*** PROVIDED INFORMATION ***

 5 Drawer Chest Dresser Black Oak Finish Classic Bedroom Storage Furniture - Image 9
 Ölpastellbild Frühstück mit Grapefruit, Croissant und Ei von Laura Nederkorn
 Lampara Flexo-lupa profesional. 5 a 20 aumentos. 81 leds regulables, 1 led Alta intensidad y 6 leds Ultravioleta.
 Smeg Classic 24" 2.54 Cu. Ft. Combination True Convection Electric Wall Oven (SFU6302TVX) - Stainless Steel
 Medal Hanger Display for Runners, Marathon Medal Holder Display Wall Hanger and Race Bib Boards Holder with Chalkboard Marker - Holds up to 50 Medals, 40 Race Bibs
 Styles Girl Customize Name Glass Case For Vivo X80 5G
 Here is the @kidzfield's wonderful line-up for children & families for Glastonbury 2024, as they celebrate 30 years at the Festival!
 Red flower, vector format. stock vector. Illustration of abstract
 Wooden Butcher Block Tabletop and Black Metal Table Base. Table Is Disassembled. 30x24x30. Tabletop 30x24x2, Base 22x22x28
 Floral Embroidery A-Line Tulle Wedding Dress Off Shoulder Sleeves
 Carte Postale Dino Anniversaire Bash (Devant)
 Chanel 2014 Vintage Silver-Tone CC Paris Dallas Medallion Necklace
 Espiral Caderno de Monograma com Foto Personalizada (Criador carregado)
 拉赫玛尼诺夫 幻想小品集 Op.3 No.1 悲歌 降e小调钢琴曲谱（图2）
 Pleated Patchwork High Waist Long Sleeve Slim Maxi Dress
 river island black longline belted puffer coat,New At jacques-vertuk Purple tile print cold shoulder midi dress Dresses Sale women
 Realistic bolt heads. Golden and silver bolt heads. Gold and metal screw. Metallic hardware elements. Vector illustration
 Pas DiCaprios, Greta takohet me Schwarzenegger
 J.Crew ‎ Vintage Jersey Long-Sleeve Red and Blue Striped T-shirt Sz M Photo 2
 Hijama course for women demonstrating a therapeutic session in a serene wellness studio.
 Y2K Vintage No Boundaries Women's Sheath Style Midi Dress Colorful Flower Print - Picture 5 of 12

*** End of PROVIDED INFORMATION ***

### [YOUR INSTRUCTIONS]
Having output the line that contains "Styles Girl Customize", stop. Every line before it, back to the first line of the data, must be reproduced exactly.

### [EXERCISE RESPONSE]
 5 Drawer Chest Dresser Black Oak Finish Classic Bedroom Storage Furniture - Image 9
 Ölpastellbild Frühstück mit Grapefruit, Croissant und Ei von Laura Nederkorn
 Lampara Flexo-lupa profesional. 5 a 20 aumentos. 81 leds regulables, 1 led Alta intensidad y 6 leds Ultravioleta.
 Smeg Classic 24" 2.54 Cu. Ft. Combination True Convection Electric Wall Oven (SFU6302TVX) - Stainless Steel
 Medal Hanger Display for Runners, Marathon Medal Holder Display Wall Hanger and Race Bib Boards Holder with Chalkboard Marker - Holds up to 50 Medals, 40 Race Bibs
 Styles Girl Customize Name Glass Case For Vivo X80 5G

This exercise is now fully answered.